ASSIGNMENT. Using the listing below, please print exactly the lines from the one with "yellow tennis ball" through the one with "Borsa A Spalla". Leave out every picture.

DATA SHOWN.
===============

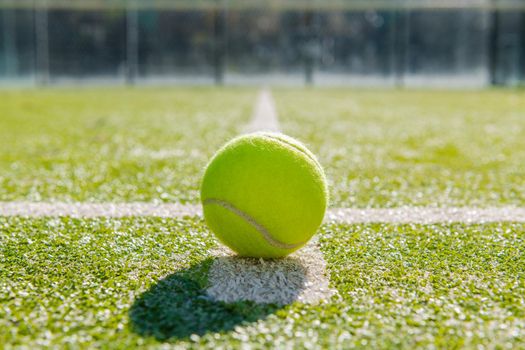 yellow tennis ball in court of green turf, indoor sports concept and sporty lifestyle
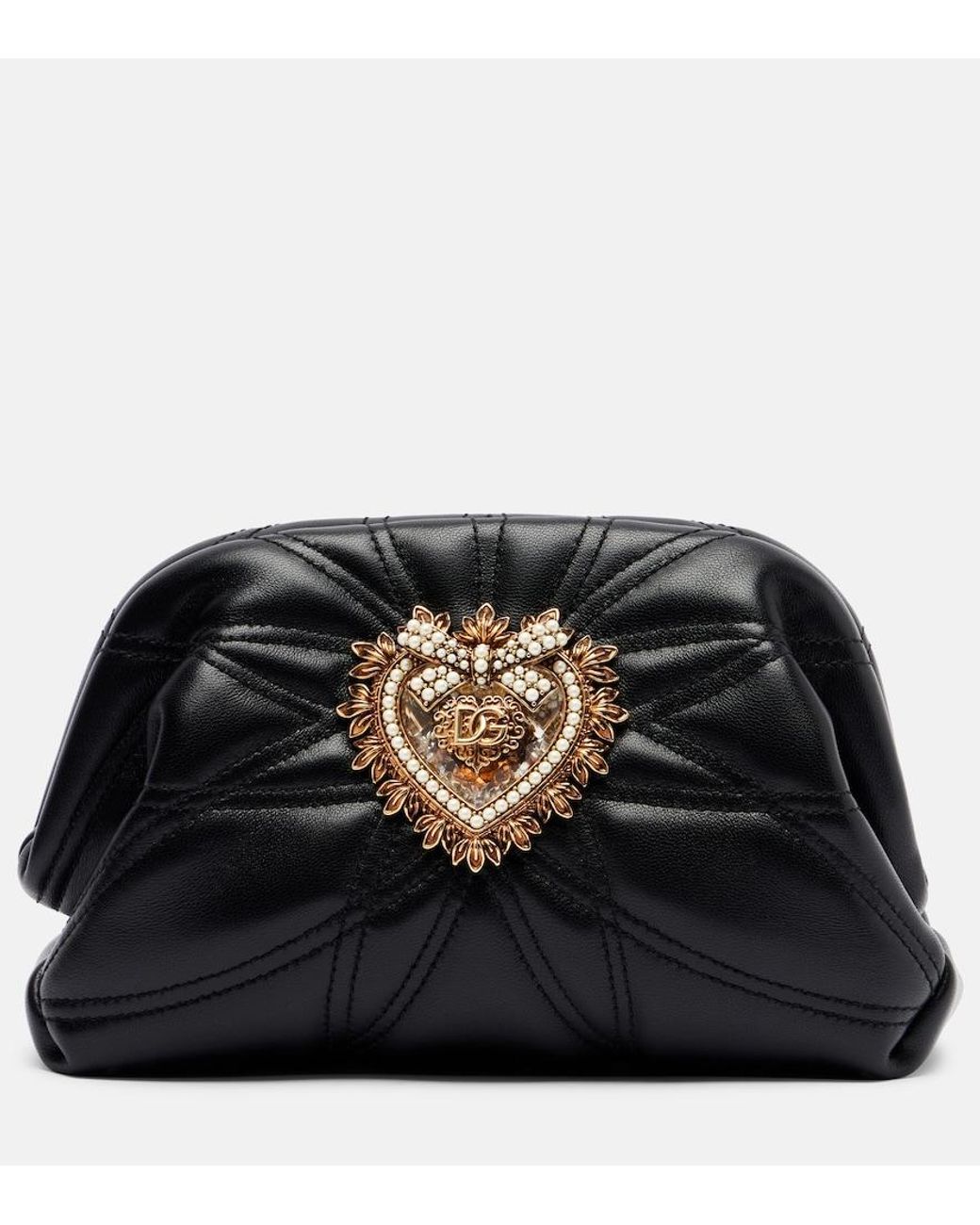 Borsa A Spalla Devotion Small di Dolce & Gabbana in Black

===============

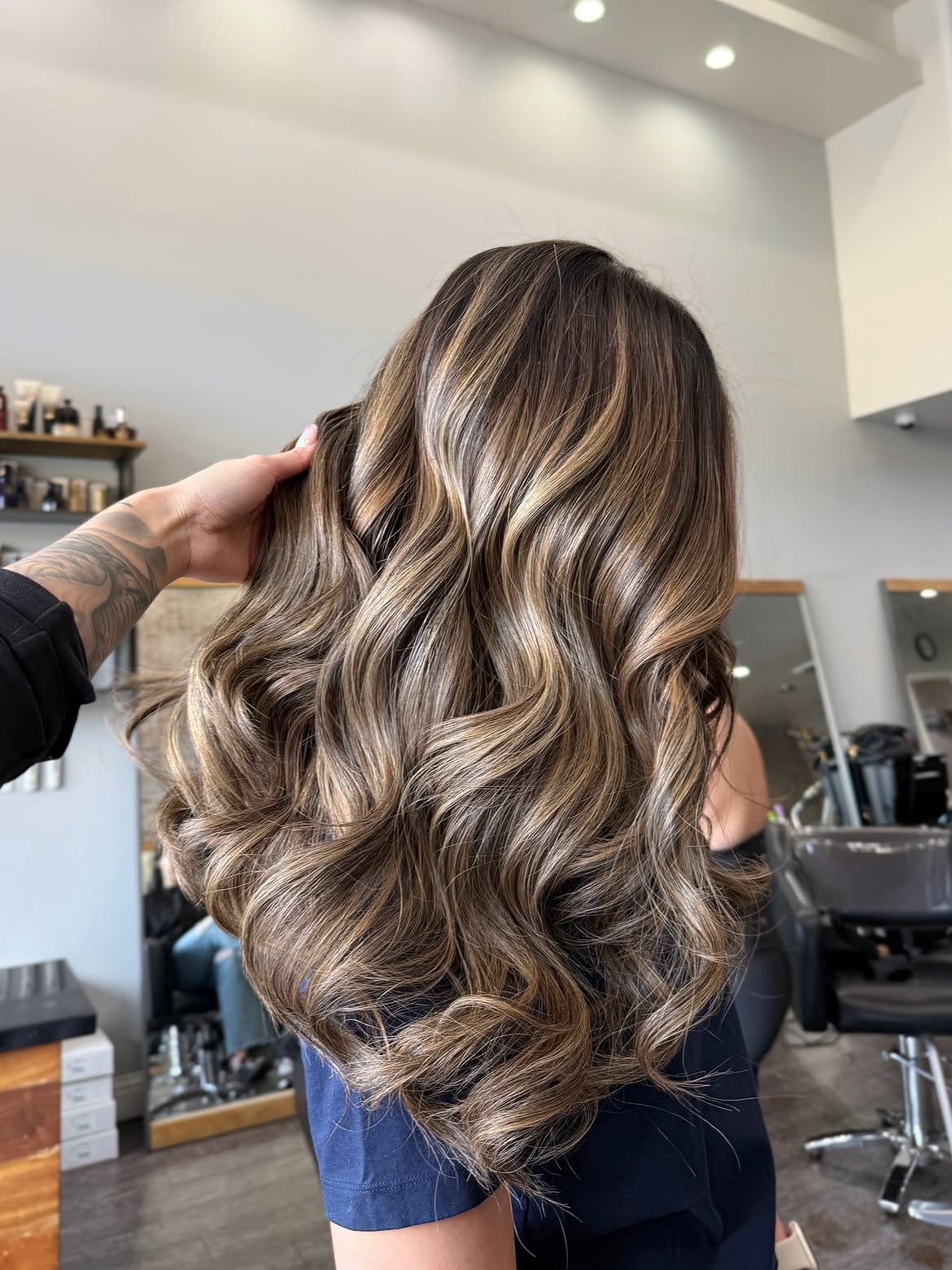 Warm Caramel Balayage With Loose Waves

===============

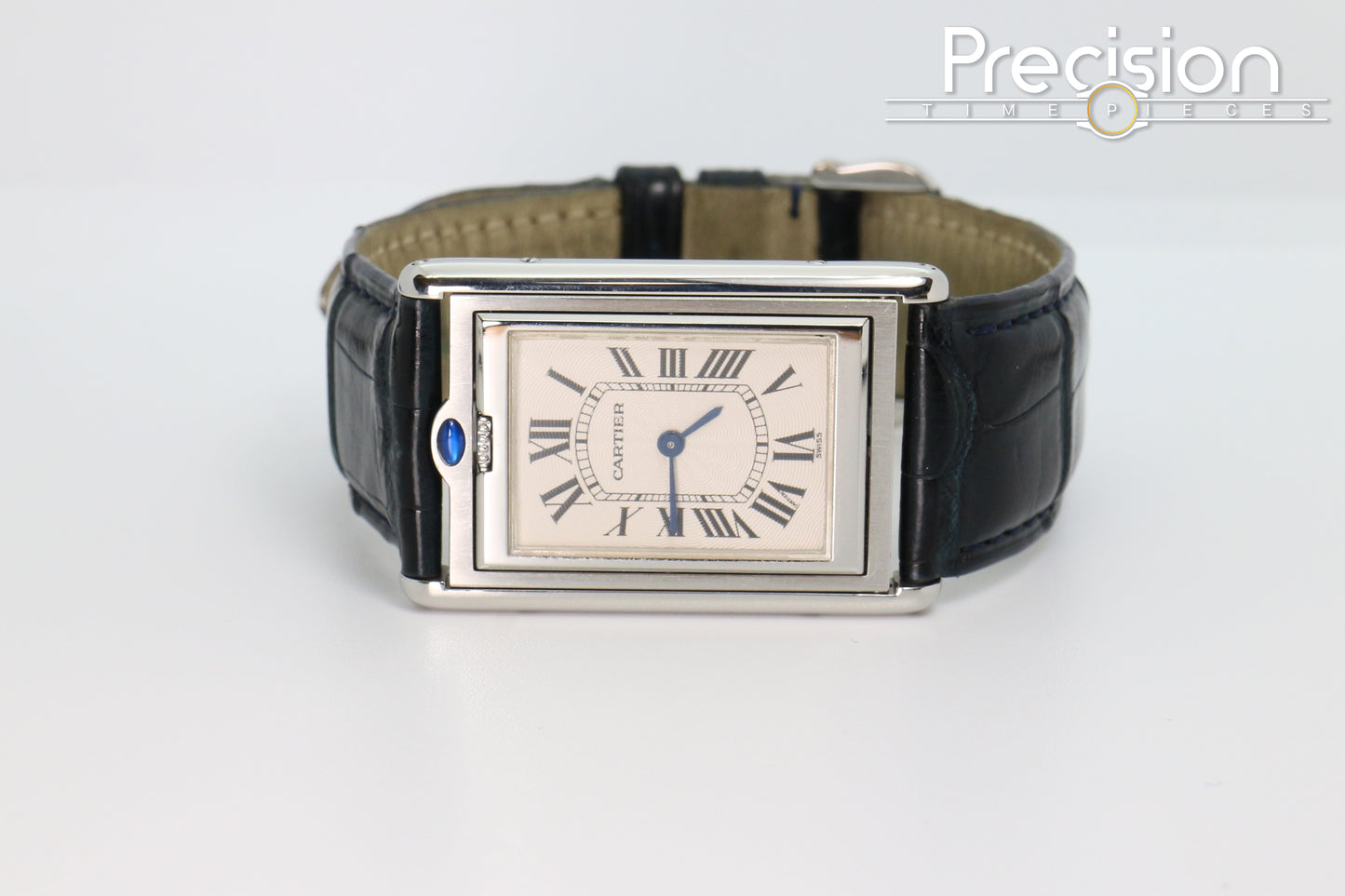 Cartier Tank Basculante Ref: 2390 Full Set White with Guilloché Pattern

===============

RESULT.
 yellow tennis ball in court of green turf, indoor sports concept and sporty lifestyle
 Borsa A Spalla Devotion Small di Dolce & Gabbana in Black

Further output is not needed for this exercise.